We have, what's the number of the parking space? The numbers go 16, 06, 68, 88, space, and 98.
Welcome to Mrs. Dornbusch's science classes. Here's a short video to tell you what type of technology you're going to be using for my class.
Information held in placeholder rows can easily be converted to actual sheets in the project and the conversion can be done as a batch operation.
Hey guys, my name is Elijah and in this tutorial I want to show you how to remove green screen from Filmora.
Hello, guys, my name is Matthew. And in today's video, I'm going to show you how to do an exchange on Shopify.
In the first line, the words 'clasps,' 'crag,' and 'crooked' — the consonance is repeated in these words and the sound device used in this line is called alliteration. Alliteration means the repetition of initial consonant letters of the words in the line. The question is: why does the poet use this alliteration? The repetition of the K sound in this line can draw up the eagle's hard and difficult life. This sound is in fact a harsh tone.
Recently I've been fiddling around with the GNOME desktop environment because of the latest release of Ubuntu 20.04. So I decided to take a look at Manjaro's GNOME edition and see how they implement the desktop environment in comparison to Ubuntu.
※
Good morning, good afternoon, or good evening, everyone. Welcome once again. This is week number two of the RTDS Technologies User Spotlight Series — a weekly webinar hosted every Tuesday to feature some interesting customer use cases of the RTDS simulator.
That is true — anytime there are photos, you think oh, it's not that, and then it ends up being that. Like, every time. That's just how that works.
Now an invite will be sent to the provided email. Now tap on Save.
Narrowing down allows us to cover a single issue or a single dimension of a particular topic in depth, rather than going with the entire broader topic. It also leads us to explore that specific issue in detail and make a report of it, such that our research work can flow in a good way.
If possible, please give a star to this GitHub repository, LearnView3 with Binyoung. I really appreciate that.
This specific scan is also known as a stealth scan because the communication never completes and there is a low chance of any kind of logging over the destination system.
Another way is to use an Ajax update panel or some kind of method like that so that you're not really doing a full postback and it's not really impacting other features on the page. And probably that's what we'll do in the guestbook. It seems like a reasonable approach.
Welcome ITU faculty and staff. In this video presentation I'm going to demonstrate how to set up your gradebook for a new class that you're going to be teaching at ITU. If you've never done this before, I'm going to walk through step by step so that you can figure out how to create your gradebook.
※
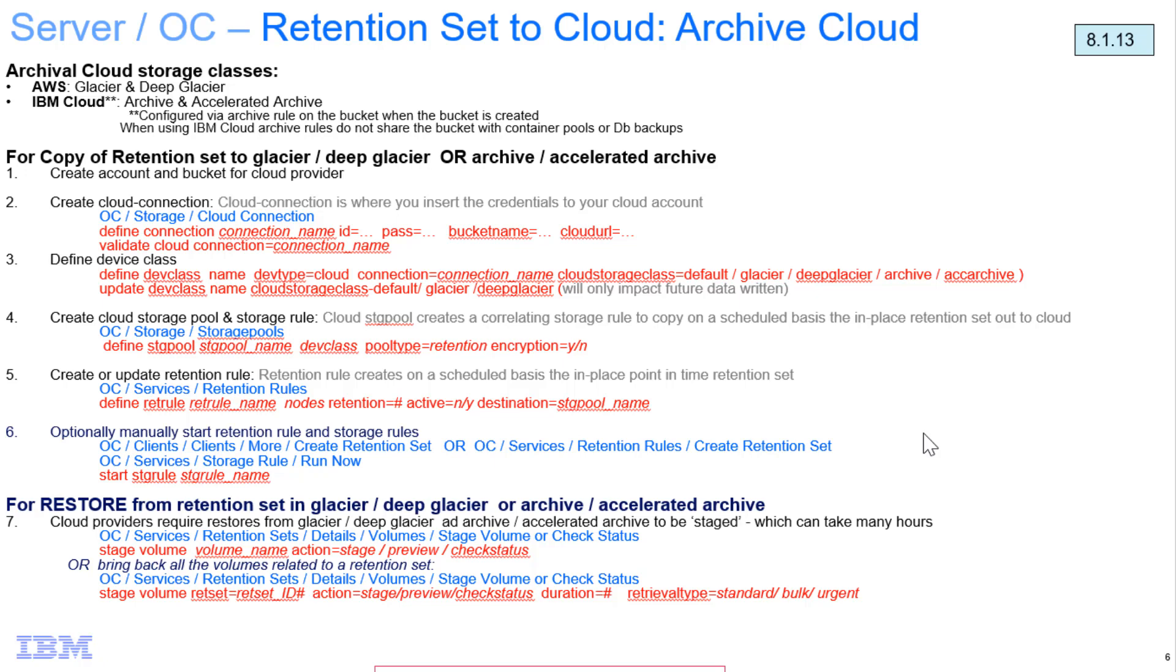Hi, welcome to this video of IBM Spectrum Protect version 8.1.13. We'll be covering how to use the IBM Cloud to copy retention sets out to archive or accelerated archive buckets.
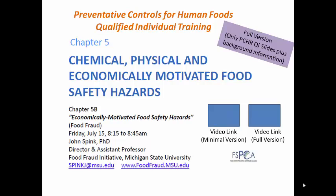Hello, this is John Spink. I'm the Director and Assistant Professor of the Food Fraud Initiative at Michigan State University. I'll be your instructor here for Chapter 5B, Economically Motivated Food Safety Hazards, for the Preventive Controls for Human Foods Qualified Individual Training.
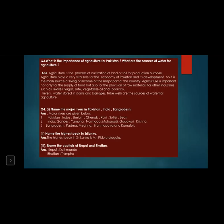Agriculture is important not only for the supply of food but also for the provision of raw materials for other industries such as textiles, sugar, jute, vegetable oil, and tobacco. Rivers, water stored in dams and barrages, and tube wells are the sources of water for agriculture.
※
Write down, word for word, the lines above from the one containing "Now an invite" through the one containing "Another way is", both ends included.

## Task output
Now an invite will be sent to the provided email. Now tap on Save.
Narrowing down allows us to cover a single issue or a single dimension of a particular topic in depth, rather than going with the entire broader topic. It also leads us to explore that specific issue in detail and make a report of it, such that our research work can flow in a good way.
If possible, please give a star to this GitHub repository, LearnView3 with Binyoung. I really appreciate that.
This specific scan is also known as a stealth scan because the communication never completes and there is a low chance of any kind of logging over the destination system.
Another way is to use an Ajax update panel or some kind of method like that so that you're not really doing a full postback and it's not really impacting other features on the page. And probably that's what we'll do in the guestbook. It seems like a reasonable approach.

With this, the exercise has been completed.